We’ve all been there before. Looking out a car window on a rainy night while your parents talk about something in the front seats while your mind drifts off thinking about the profoundness of the moment you’re in.
You imagine yourself in a movie, a period-piece drama where something so fantastic has just happened that it creates a tiny pit in your stomach because you’ll never leave an impact on the world as incredible as the imaginary scenario you have just created.
I think there’s a beauty in that shared experience. The details may vary across people but the premise is the same: searching for meaning. You trying to escape the supposed mundaneness of your own life. It’s hard to imagine being sick of routine at 11 years old but the fear of “unexcitement” is petrifying.
We spend a lot of wasted time trying to figure out how to make ourselves more impressive and more meaning as if life is not worth living without a profound and exhilarating meaning. I’ve spent almost 20 years with that little voice in the back of my head screaming at me to “make something more of my life.”
Who even measures that?
In the past year I’ve come to the conclusion that the time I spend wishing I was more impressive could have been spent being impressive. Being myself.
I know, it’s kind of a stupid and simple observation that borders a cliche but at the same time it’s so true. I am sick of feeling like I can’t enjoy my youth and my life because I’m not constantly striving to be exceptional.
A few months ago I was at a friend’s birthday party and caught up with an old friend I hadn’t seen since high school. They lived in the house and had always been an honest person. They looked me in the eyes that night and told me that a lot of people in our grade were afraid that I was going to burnout. Not just burnout but essentially be dead from exhaustion at 30.
That conversation probably passed by them in an instant and was forgotten almost as soon as it was said. But it’s stuck with me. I was always on, always at 110% because I was afraid that if I stopped for even a second, I would just be wasting space.
Wasting life. I was a full believer in the idea of Newton’s First Law: an object in motion stays in motion—probably the only physics thing I know. But I refused to believe that I was capable of being worth something if I took a break.
Flashforward to now and I am coming out of winter break, the first winter break, the first break I’ve had in years where I did nothing. For a full month, I slept and partied and that was it. If I was to stereotype myself I’d say I was a degenerate with no aspirations.
But the thing is, I do have goals and things I want to achieve. Just because I’m not “on the grind” 24/7 doesn't mean I don’t want it. The idea that has consumed me for the majority of my life is idiotic. You shouldn't have to kill yourself in order to reach your goals. Instead of burning out every few months and needing something to shock you back to life, you can find balance.

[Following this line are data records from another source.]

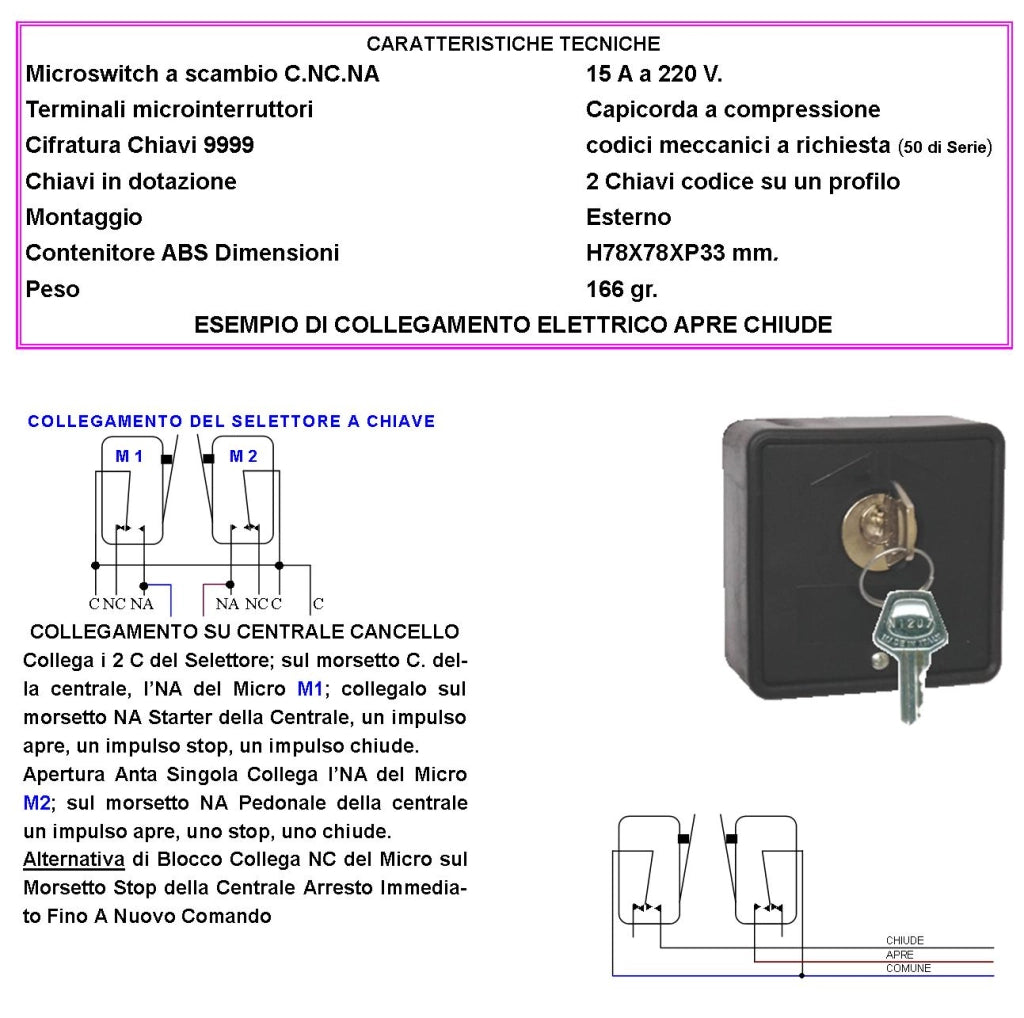 Selettore 2 Pezzi 4 Chiavi Stesso Codice Interruttore Ritorno a Molla 3 Posizioni Apre Stop Chiude 15 A Isolamento 250 V Apertura Condominiale Pedonale Montaggio Esterno a Parete Comando Automatismi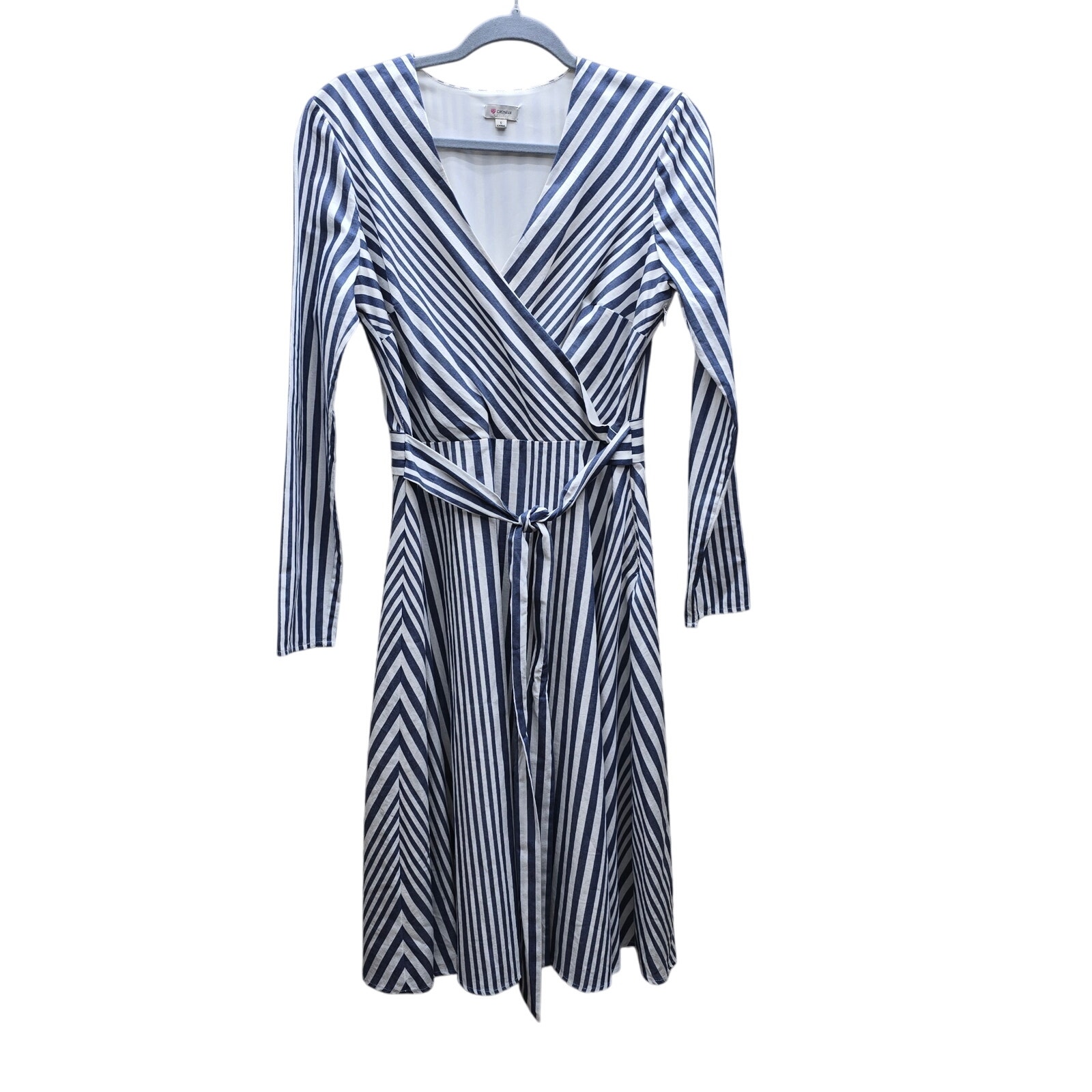 Cremieux NWT Striped Midi Norah Dress Long Sleeve Ivory/Navy Size 6 Nautical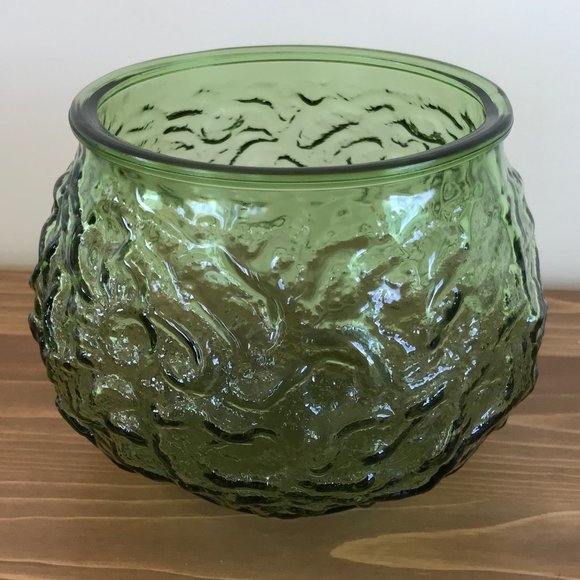 Green Crinkle Glass Widemouth Flower Bowl Vase Vintage EO Brody 1018 USA - Picture 1 of 7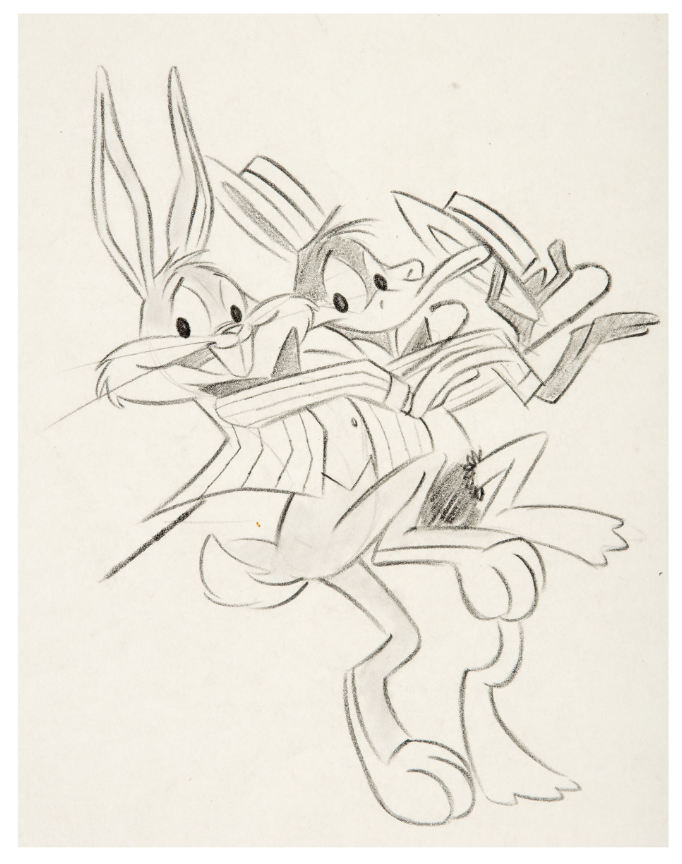 Hake's - Bugs Bunny And Daffy Duck Dancing With Hats Original Publicity 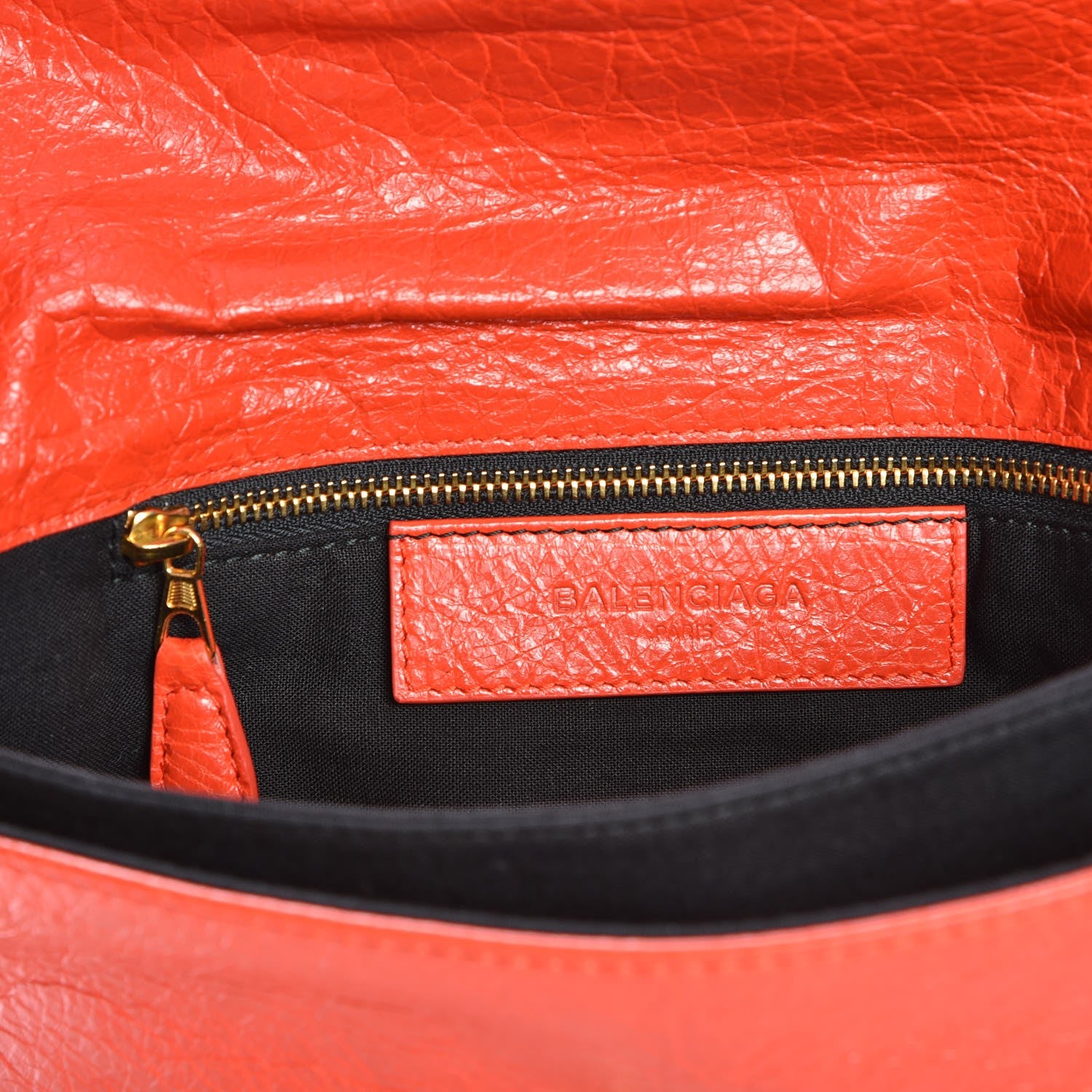 Balenciaga Agneau Giant 12 Gold Hardware Envelope Strap Clutch Rouge Coquelicot 6 of 8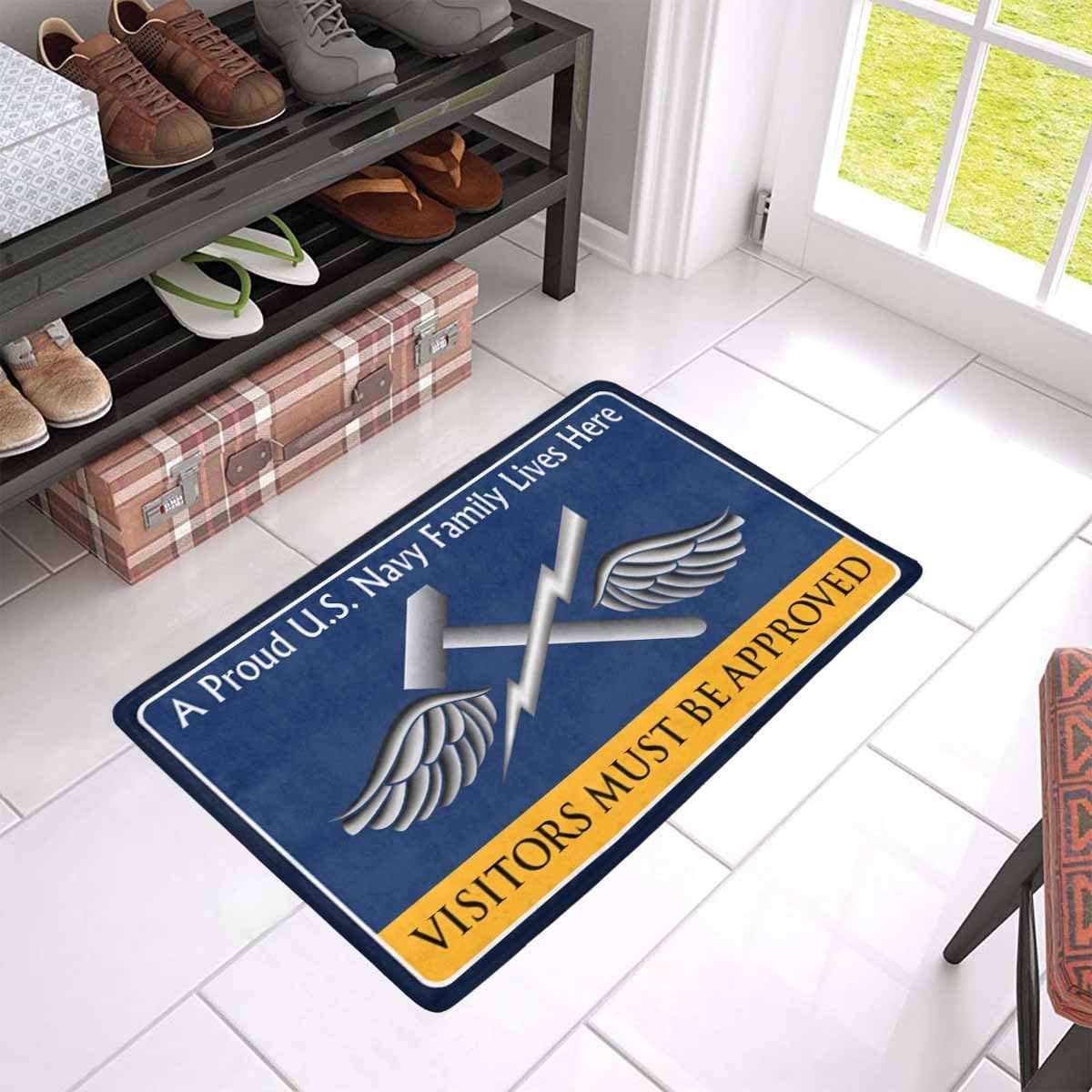 Navy Aviation Support Equipment Tech Navy AS Family Doormat - Visitors must be approved (23,6 inches x 15,7 inches)-Doormat-Navy-Rate-Veterans Nation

I’m far from being there yet, sometimes I feel like I’m compensating a little too much for the time I spent working and working and working. But at the end of the day, it doesn't really matter, because I am working towards balance.
I want to be able to achieve my dreams but be alive enough to enjoy them. I want to look back on my life and have memories of actual joy and happiness where I was only focused on what I was doing and not what I wasn’t.
I hate the idea that your life needs to be this huge prolific thing that exists to leave an impact. Sure there’s some benefit to the idea you can make a change, but there’s a much better way to think about it. A way that doesn't make you feel like a piece of shit whenever you sit down to watch a movie, or stay out past 3am, or eat your weight in ice cream. There’s a way to hold yourself accountable and lead a meaningful life without hating every second of it.
Whenever I look out a car window now, I think about the story being written at that moment. The little thoughts that float through my head and the little raindrops that glitter off the glass. My moments have meaning because they mean something to me, and for now, that’s enough.